Caminar por los mismos lugares por los que supuestamente caminó Jesús hace casi 2000 años, eso fue lo que hicieron el pasado domingo miles de peregrinos que, alegres, llenos de fe y medio derretidos por un sol abrasador, participaron en la procesión del Domingo de Ramos en la ciudad de Jerusalén, dando así inicio a la Semana Santa.
Llegaron de todos los rincones del mundo de la mano de la fe, atraídos por el encanto de pasar la Semana Santa en Tierra Santa y se mezclaron con los cristianos de esta tierra. Mi atento oído detectó palestinos, españoles, italianos, estadounidenses, etíopes, latinoamericanos de todos lados pero, sobre todo, montones de filipinos.
A eso del mediodía ya estaban todos en el pequeño Santuario de Betfagé, con hojas de palma, ramas de olivo, muchos con guitarras y panderetas, todos con cámaras y móviles tomando fotos a diestra y siniestra, listos para participar en la procesión que, siglos después, recorrería una vez más el camino que hizo el hijo de Dios hasta entrar, por la Puerta de los Leones, en la amurallada Ciudad Vieja de Jerusalén.

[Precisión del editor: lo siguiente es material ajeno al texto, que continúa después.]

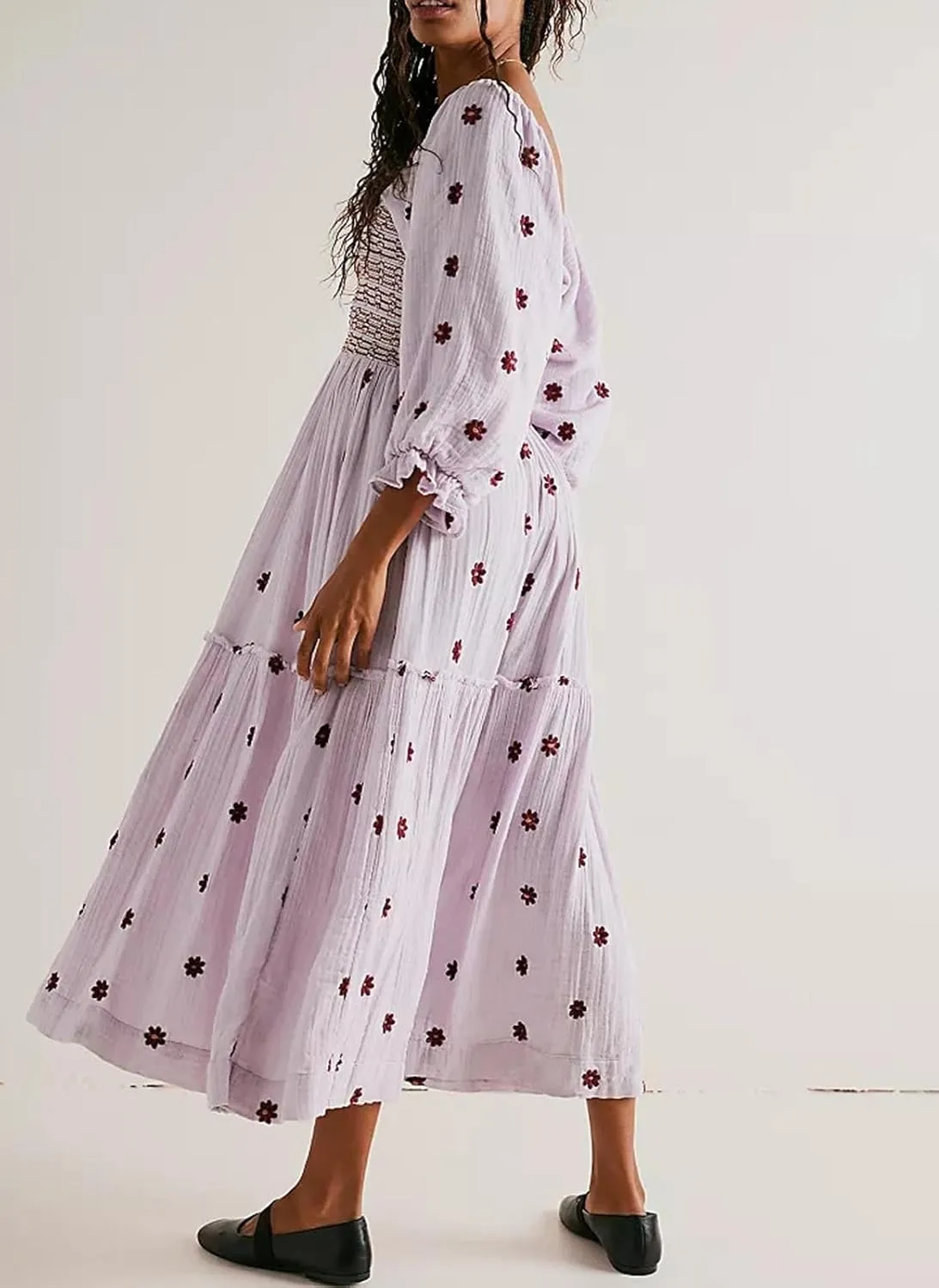 Casual Women's Floral Embroidered Maxi Dress Puff Sleeve Square Neck Tiered Flowy A-Line Dress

La policía intentaba controlar un tráfico incontrolable, los conductores tocaban insistentemente el claxon, de sus autos, decenas de niños palestinos vendían agua y sombreros, mientras el ejército israelí custodiaba el lugar, pues todo esto ocurría en Jerusalén Este, la parte de la ciudad ocupada militarmente por Israel desde 1967.
En medio de aquel gentío, con mi cerebro y mi agnosticismo casi derretidos iba yo, con mi mascarilla (era casi el único enmascarado), intentando captar con mi cámara la esencia de la jornada.
La procesión, presidida por el Patriarca Latino de Jerusalén, y que estaba encabezada por grupos de boys scouts palestinos, recorrió entre cánticos y alabanzas al señor, las estrechas callejuelas que descienden del Monte de los Olivos, pasando por el huerto de Getsemaní, hasta la Ciudad Vieja. Había mucha gente joven cantando y bailando, cada uno sus cánticos, a su modo, en su lengua. También muchos sacerdotes muy jóvenes. Y entre todos, curas y fieles, llevaban una algarabía tremenda, contagiosa.
En total fueron más de dos horas de procesión hasta la iglesia de Santa Ana, en intramuros. Había mucha gente hermanada reviviendo una tradición que se había interrumpido dos años durante lo peor de la pandemia y que este año resurgía tímidamente a pesar de los rebrotes en Israel de los últimos días, del COVID siempre acechante y de la lejana y cruel guerra de Ucrania.